Leaving the Past Behind

Over the course of the last few months, I have been in an ‘over the seas’ book club with my best friend from university. Though I do not get to see her physically, we organize a book and a time frame, and we read it together. It has been a great way of staying in contact, and our last book, Before the Coffee Gets Cold, really symbolizes a lot for my recent year. The book follows various customers at a coffee shop in Tokyo, all of whom have the chance to go back in time and change their pasts. But everything comes with a price.

Table and chairs sit at the top of the cover. A black cat sits near one of the chairs. The title sits under the table and chairs. The author's name is at the bottom in beige letters. The background is teal and off white.

To me, this book was an eye-opener on past reflection. I have had a lot of changes in the past year. Some great, some disastrous. I spent so much time wishing I could change my past mistakes, which, unfortunately, had taken a toll on my mental health. After nose-diving into this book, it really showed me the importance of accepting the past and looking toward the future.
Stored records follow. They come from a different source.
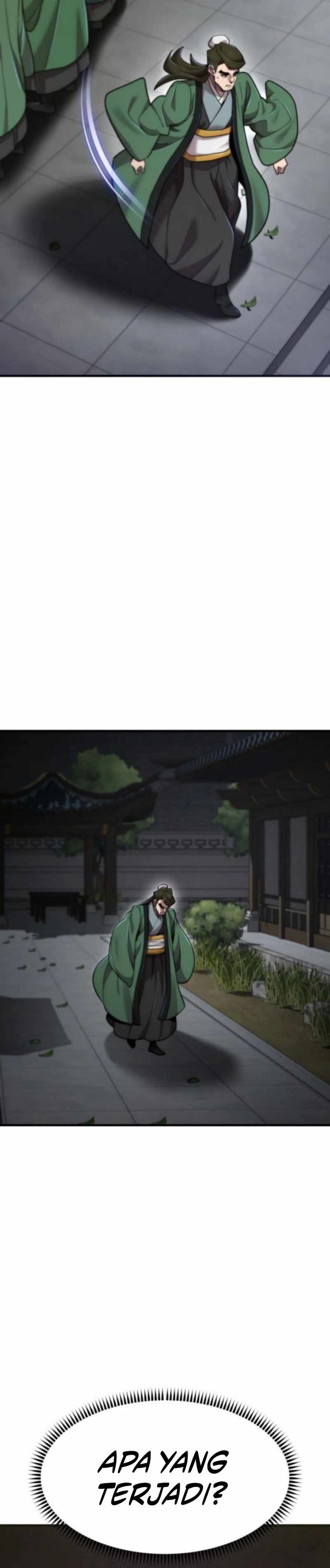 The Masters Are Watching Over Me Chapter 61 Gambar 17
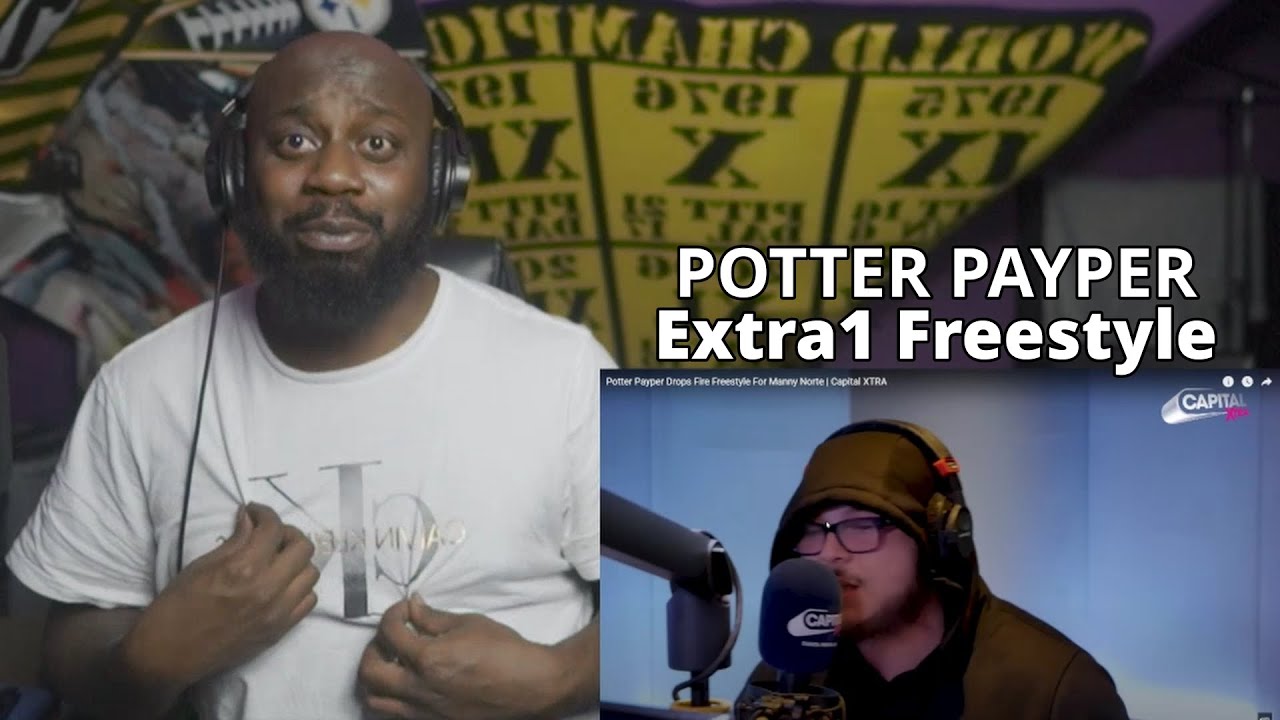 Potter Payper - Extra1 Freestyle [GoHammTV] EVERY SONG I EVERY HEARD WAS FIRE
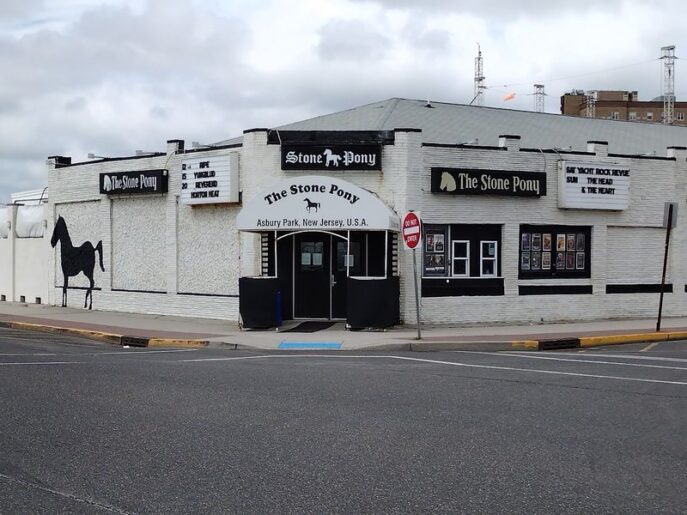This New Jersey Rock Club Earned Worldwide Praise And Still Feels Like A Local Rite Of Passage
If I had the chance to go back and fix my mistakes, would I be a different person? I do not know, and I never will. And that is okay.

Erin Ewald, Editorial

Bright Young Woman by Jessica Knoll

Giving Victims a Voice

The top of a woman's face can be seen in a square space in pink. The author's name is above the square in black letters. The title is in large, black and pink letters. All of it sits against a dark yellow background.

The most impactful novel I’ve read this year has got to be Bright Young Women by Jessica Knoll. It’s a fictional retelling of the aftermath of the Ted Bundy FSU sorority murders from the sorority sisters’ perspective. Over the years, there have been plenty of documentaries and fictional movies about the life of Bundy himself. But there’s rarely anything solely about the women he brutally murdered or how the witnesses were affected. Knoll’s novel gives a voice to the women and how they were portrayed in the media at the time. This book made me look at the true crime genre and how female victims are portrayed. It changed my view of how female victims should be portrayed in the media. This book was so well written; it was my most memorable read of 2023.

Corinne Vergari, Social

Don’t Believe Everything You Think by Joseph Nguyen

Perspective, Perceptions, and Anxiety/Overthinking

The outline of a head with squiggles to represent the brain sit against a white background. The squiggle lines swirl outside the outlined head. The title is at the top in black letters. The author's name is at the bottom in small black letters.

I have issues with high-functioning anxiety and overthinking. I used to have a problem with my brain coming up with bizarre doomsday disaster scenarios that would make me more anxious until I read this book. This book helped me realize that none of those bizarre scenarios would ever actually happen. The book also helped me look at people, especially politicians, from a new perspective. I learned how to start to put aside my preconceived perceptions of people and be less judgmental. I’ve learned how to go with the flow and be more spontaneous.